I don’t know what to fucking say to her. Me. Not knowing what to say to keep a woman I like in my bed.

That’s a fucking first.

After I hear the front door close, I walk downstairs, a coward to the end, and watch her drive away.

Therapy. I mull it over, raking a hand through my hair, still tasting her on my goddamn lips and full of more regret than I’ve felt in a long time.

That’s the trouble with caring about someone. It comes with a whole set of other feelings that don’t always feel so good.

Fuck.

She’s right.

“You fucked her.”

“What the fuck?” I spin around, and Jacob’s looking at me with pity written all over his face. “That’s none of your goddamned business.”

“You have a lot of nerve talking about what’s my business when you introduce her to Mom and Dad as your new girlfriend, even though she’s your god damned Vegas wife, then tell me it’s strictly business for her, then fuck her loud enough I can hear you in the kitchen. Our kitchen.” He shakes his head. “Man, this is some messed up shit.”

My hands ball into fists at my side. “Don’t talk about her like that.”

“You’re making a mistake, as usual,” Jacob continues, surlier than normal. “Don’t make the same mistakes I did. Savannah seems like she’s way too good for you. One of you is going to get hurt.”

“Don’t fucking talk to me like that.
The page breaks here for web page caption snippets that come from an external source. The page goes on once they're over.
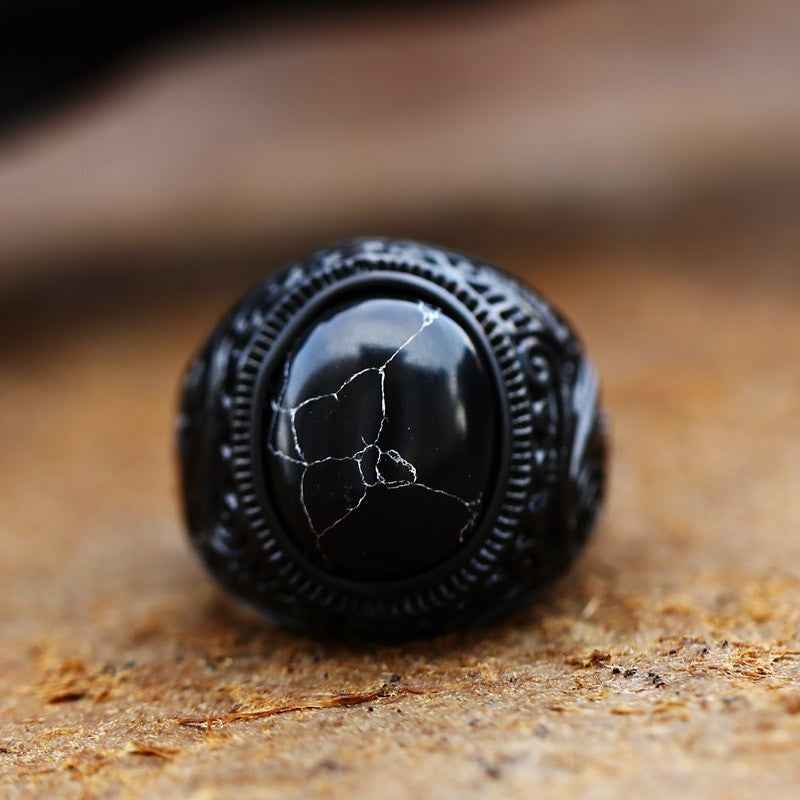 Baosheng new vintage tiger's eye turquoise black carved punk men's fashion hand ornament ethnic style alloy ring wholesale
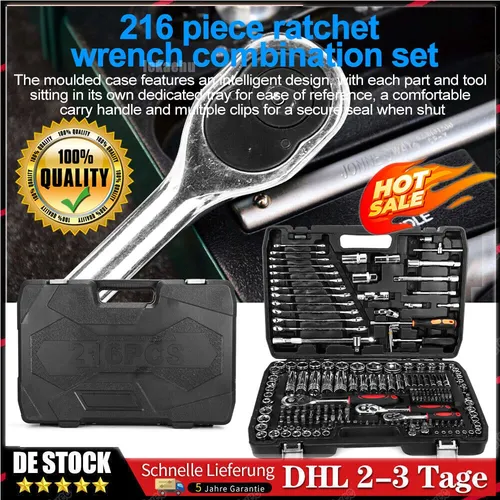 Steckschlüsselsatz Werkzeugkoffer 216 tlg von YATO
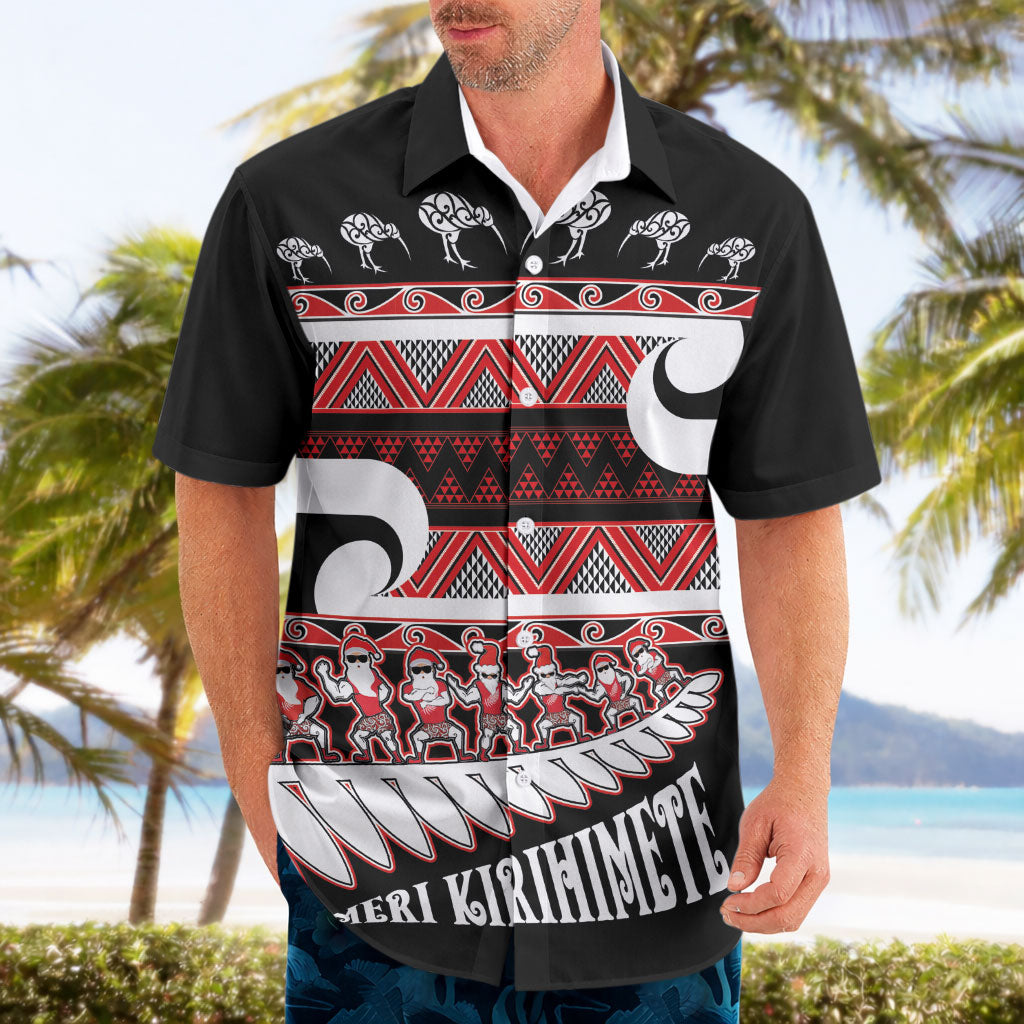 New Zealand Christmas Hawaiian Shirt Funny Santa Claus Haka Dance with Tukutuku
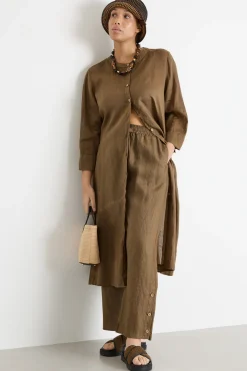 Abito chemisier con sottoveste - Marrone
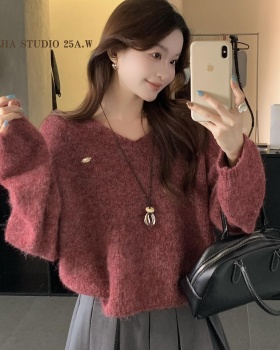 Korean style lazy V-neck Casual simple sweater for women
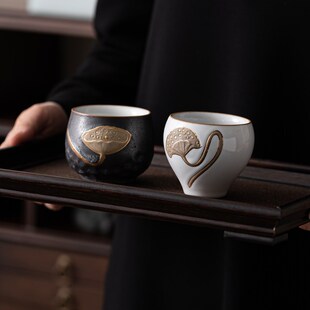蕴华堂 莲蓬吉祥对杯 粗陶复古禅定杯茶杯随手礼主人杯礼盒套装组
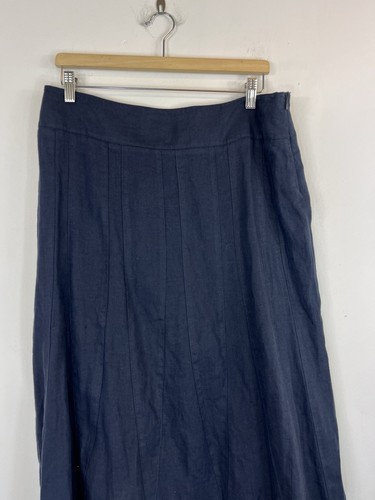 Per Una Maxi Skirt 14 Tall Navy Blue Tall Flare Patchwork 100% Linen - Picture 4 of 7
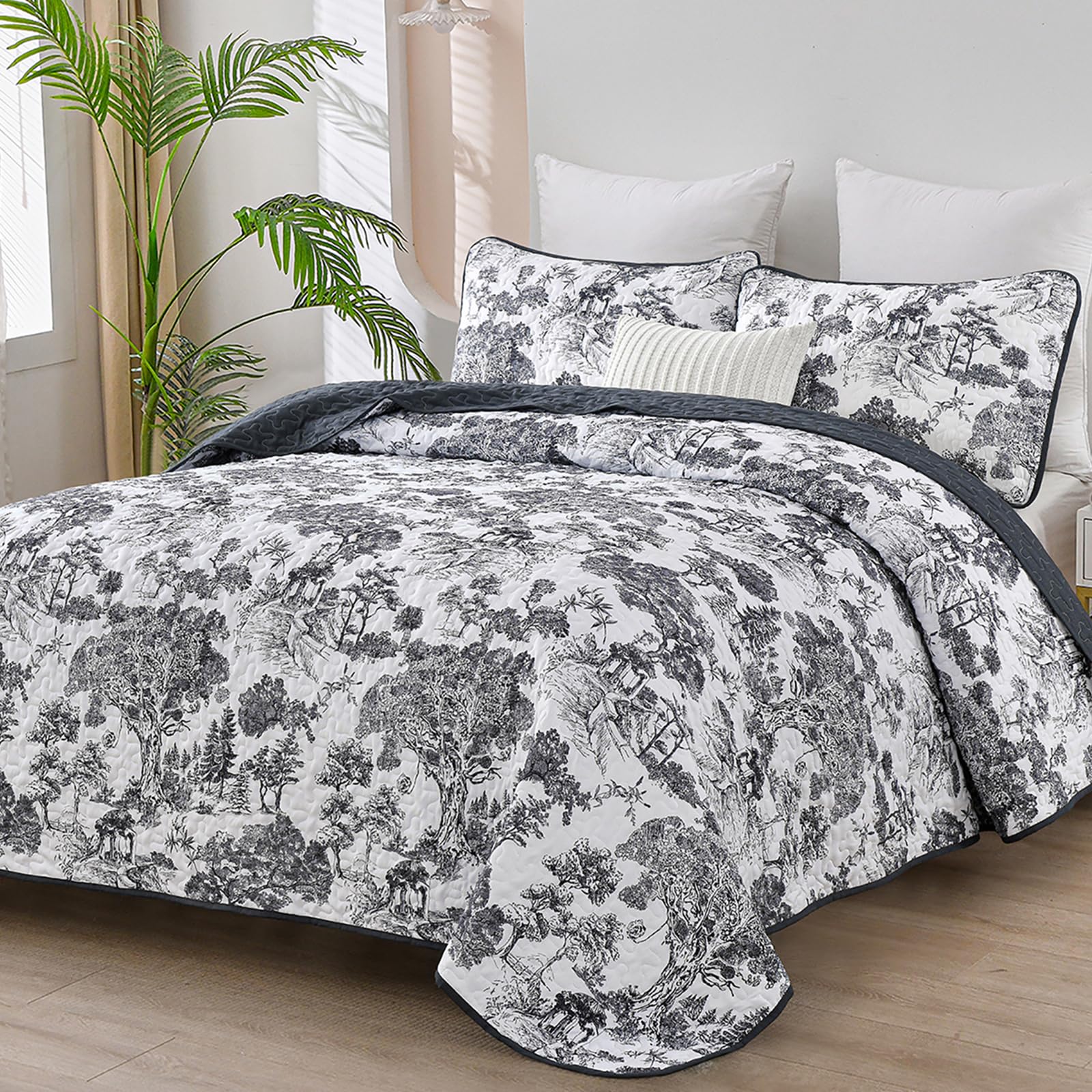 WONGS BEDDING Botanical Quilt Set Queen Size, Black 3 Pieces Toile Floral Plants Printed Bedspread Bedding Set Soft Lightweight Microfiber Coverlet Set for All Season (96"x90") Image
You’re right, she’s completely out of my league. But I’m not you, Jacob, and she’s not Cameron. Just because you fucked up a great thing and have spent the last several years regretting the way you ruined it with her doesn’t mean I will.”

“Fuck you,” he grits out. “You’re an asshole.”

“Maybe I am, but I’m the one who gets to decide the way I live my life.” I gesture around to the house we share, the house we both spent our hard-earned money on. “And so far, despite what you and Mom and Dad think, I’m doing pretty damn well.”

His face changes, and he scrubs a hand across it before I can pinpoint what he’s thinking.

“I just don’t want to see her hurt you. Or you hurt her and regret it.” His voice is quiet, and I know, I just fucking know, that he is talking about him and Cameron. The one that got away, the one that’s caused him to never even look at another woman again.

I don’t care though. I’m too pissed at him, too fed up with everyone telling me who I am, with Savannah for being right about me, to feel sorry for him like I usually do.

Instead, I walk away.

And when I get back to my phone upstairs, I find the number for the team’s psychologist.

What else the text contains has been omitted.